This is a great story about the capture of Iraq's main nuclear labs and the discovery of a vast underground complex which no one outside of Iraq was aware of!. So, to all those people who were confidently saying the U.N. Inspectors didn't find any new nuclear weapons production, so it wasn't happening. I say welcome to the real world.
Local woman lands her A-10 Attack Plane after taking heavy damage. The daughter of San Jose Councilman Chuck Reed was nearly shot down over Bagdad but flew her plane back to base. Our women did great in battle. Arabs that insist on putting women behind veils are robbing their own countries of fully half of their possible brain power and a good share of courage as well.
Here is a photo that made me laugh out loud. Its part of a great collection of photos here.
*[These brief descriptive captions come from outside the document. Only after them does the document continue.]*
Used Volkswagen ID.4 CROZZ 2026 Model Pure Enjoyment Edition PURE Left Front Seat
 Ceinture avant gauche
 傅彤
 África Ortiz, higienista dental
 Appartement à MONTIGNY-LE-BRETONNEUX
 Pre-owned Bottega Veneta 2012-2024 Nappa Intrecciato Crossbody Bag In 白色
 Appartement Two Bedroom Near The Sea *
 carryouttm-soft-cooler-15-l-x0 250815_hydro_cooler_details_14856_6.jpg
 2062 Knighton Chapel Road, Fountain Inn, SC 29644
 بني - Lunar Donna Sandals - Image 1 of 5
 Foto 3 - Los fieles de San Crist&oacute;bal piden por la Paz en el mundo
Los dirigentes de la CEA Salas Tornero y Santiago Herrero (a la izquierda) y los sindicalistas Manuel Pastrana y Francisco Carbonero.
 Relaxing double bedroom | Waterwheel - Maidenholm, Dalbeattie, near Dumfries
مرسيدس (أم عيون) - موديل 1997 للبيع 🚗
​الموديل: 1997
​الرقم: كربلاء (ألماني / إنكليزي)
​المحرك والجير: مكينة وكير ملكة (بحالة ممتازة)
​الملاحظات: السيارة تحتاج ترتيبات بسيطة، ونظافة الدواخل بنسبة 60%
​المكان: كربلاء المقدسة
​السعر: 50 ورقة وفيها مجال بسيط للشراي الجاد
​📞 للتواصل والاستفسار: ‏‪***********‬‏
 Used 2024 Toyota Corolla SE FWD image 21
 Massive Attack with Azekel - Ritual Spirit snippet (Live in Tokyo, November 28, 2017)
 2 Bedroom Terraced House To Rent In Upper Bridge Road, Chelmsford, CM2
People in U.S. and British military circles are now saying that Saddam was the worst military leader in history. His army was deployed badly, his forces disintegrated on contact with our forces, and they never mounted an actual counter-attack on U.S. or British troops. The largest action by the Iraqi army that we have seen in the entire war is company-sized (in other words around 100 men with 6 or 7 tanks). An example of the Iraqi army simply vanishing has just occured. See this article about the Iraqi 10th Armored Division's vanishing act.
Our special forces men have not been able to beat the Iraqi north. Take a look at this report.
To the surprise of some Special Operations soldiers, American air power alone has not been enough to force the Iraqis to retreat. An infantry truism — that tanks and soldiers are needed to seize and hold ground — is apparently being reinforced here.
In a three-day period on the front line due east of Mosul, Special Operations soldiers had American planes drop more than 200 bombs on Iraqi positions in Khazir. The Iraqis did not budge from the route, the shortest into Mosul from the Kurdish-controlled enclave in northern Iraq. In fact they reinforced their positions and retook some lost ground.
"Two companies of light infantry attacked us," a Special Operations soldier said, referring to roughly 200 troops. "We fought them off with light machine guns and rifles."
This means that our Special Forces are not able to pull of their Afghanistan conquest against the decent troops which seem to be in the north of Iraq. If this is true it suggests several things:
- We aren't treating the Northern front with the same seriousness as the Southern front in terms of air strikes.
- The Kurdish Peshmerga don't have tanks, artillery, or even much combat experience. Contrast this to the Northern Alliance forces in Afghanistan, who had fought with the Taliban continuously for five years and did have tanks and artillery.
- The next time someone says we can do any job with 12 special forces men and an air wing to back them up, tell them about the Northern Front of Iraq in April of 2003. Combined arms works. Get the Abrams and Bradley's on the ground, with some 155mm self propelled artillery to back them up, some helos for scouting, and A-10s for air support and you would see the North front collapse.